# [Brief descriptive captions]
═══
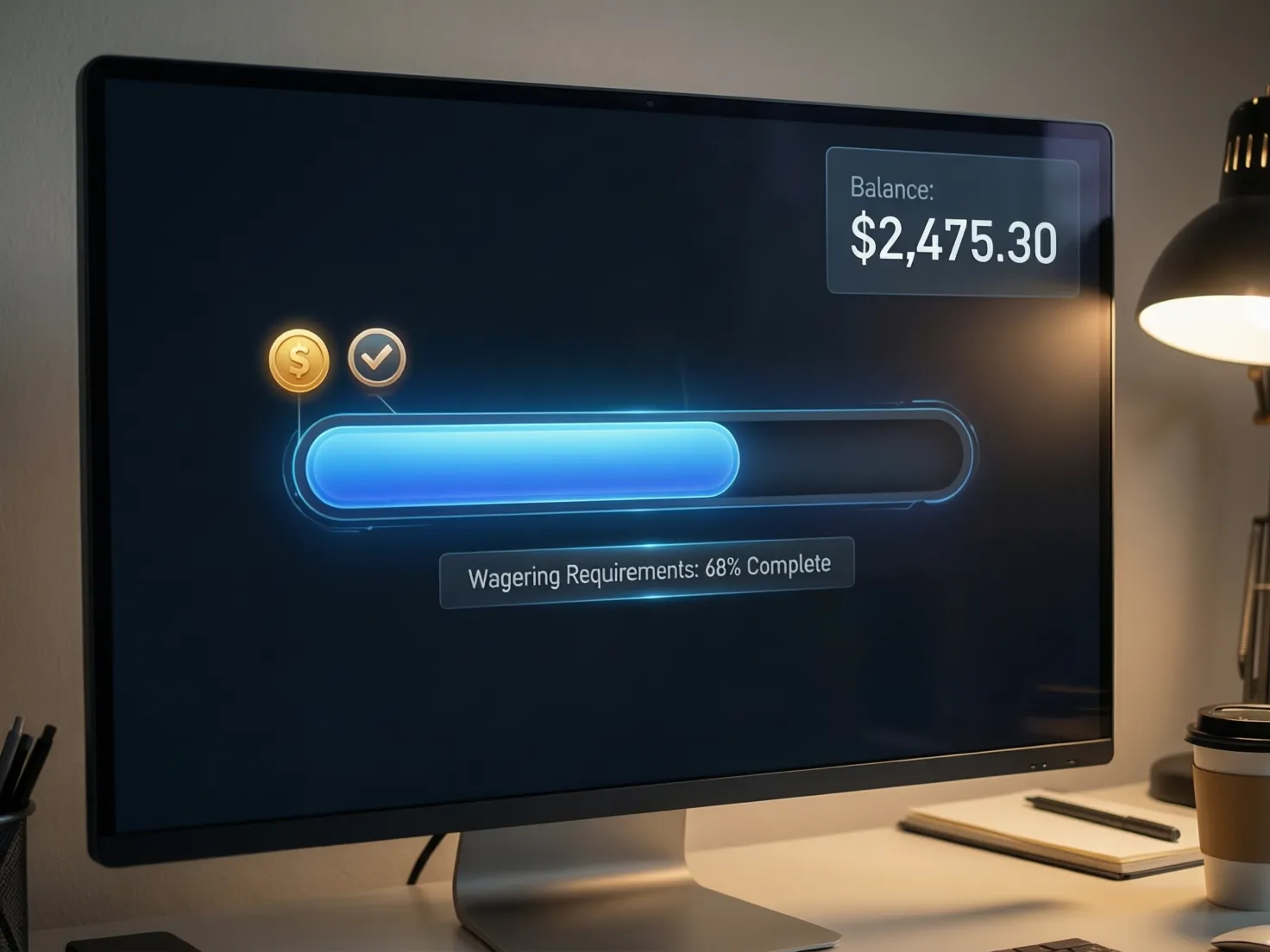 Pantalla mostrando barra de progreso de requisitos de apuesta y rollover
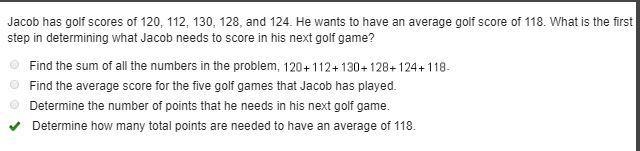 Jacob has golf scores of 120, 112, 130, 128, and 124. He wants to have an average-example-1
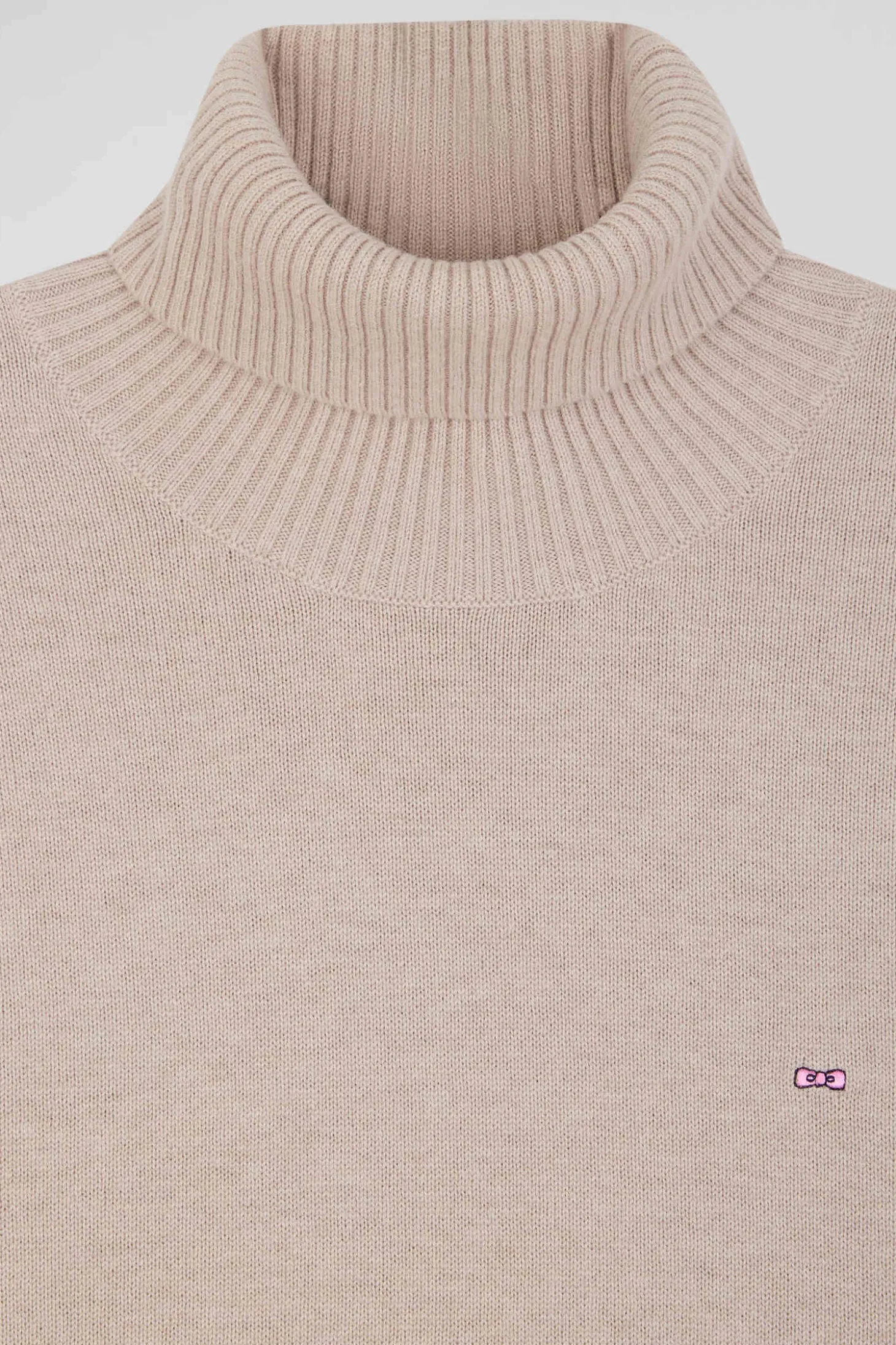 Relaxed beige wool and cotton turtleneck jumper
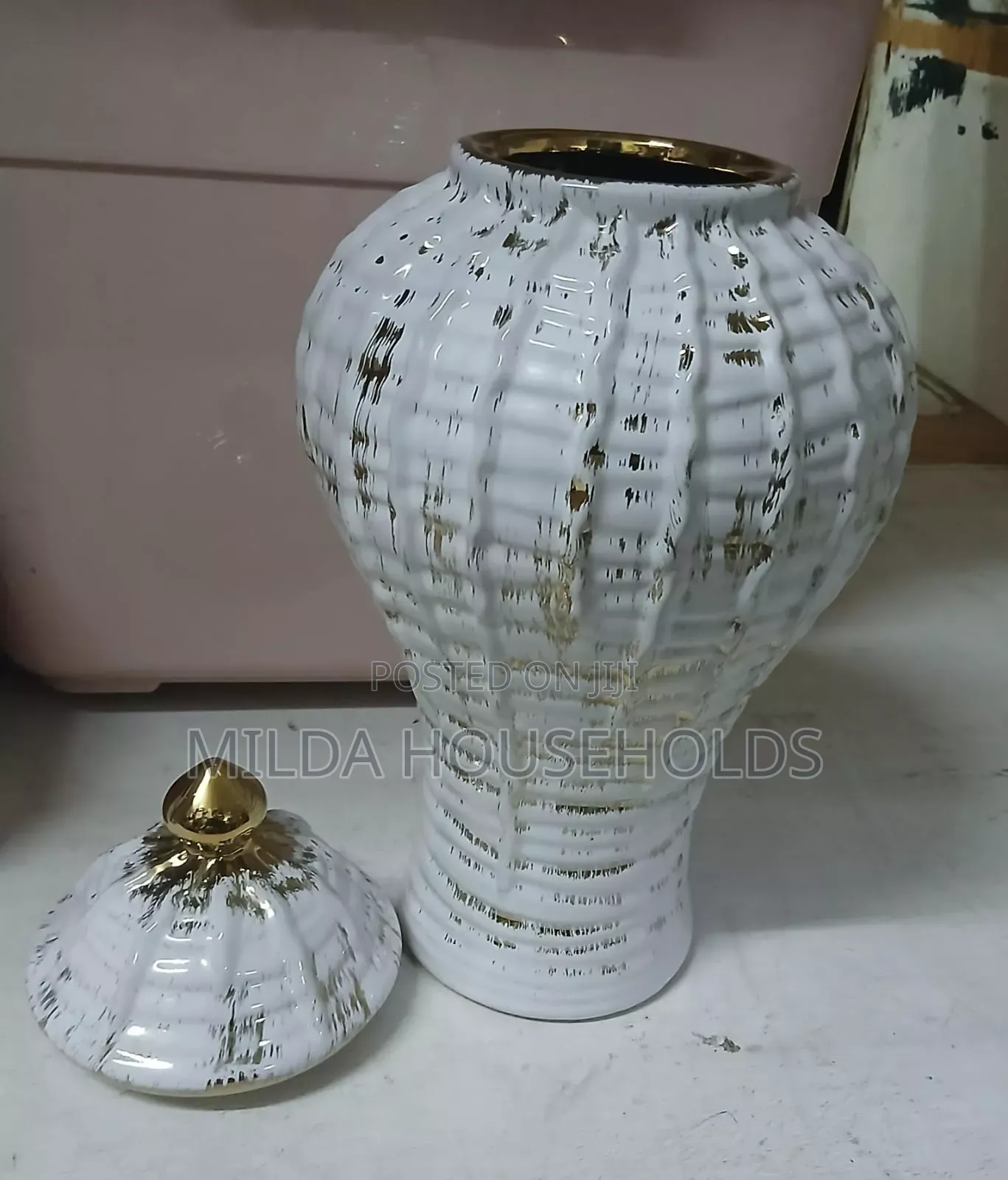 Ceremic Gold-Plated White Vase-Ginger
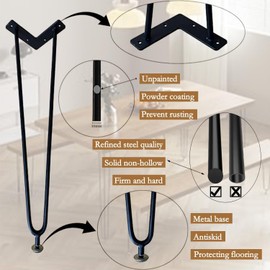 Jinharde 36inch Hairpin Table Legs, Set of 4 Desk Legs 800lbs Load Capacity,Vintage Sturdy Metal Coffee Table, Side Table, Furniture Legs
═══
# [ASSIGNMENT]
Print exactly the lines from the one containing "Jacob has golf" through the last line of the records, both included, and leave out the pictures.

# [SOLUTION]
 Jacob has golf scores of 120, 112, 130, 128, and 124. He wants to have an average-example-1
 Relaxed beige wool and cotton turtleneck jumper
 Ceremic Gold-Plated White Vase-Ginger
 Jinharde 36inch Hairpin Table Legs, Set of 4 Desk Legs 800lbs Load Capacity,Vintage Sturdy Metal Coffee Table, Side Table, Furniture Legs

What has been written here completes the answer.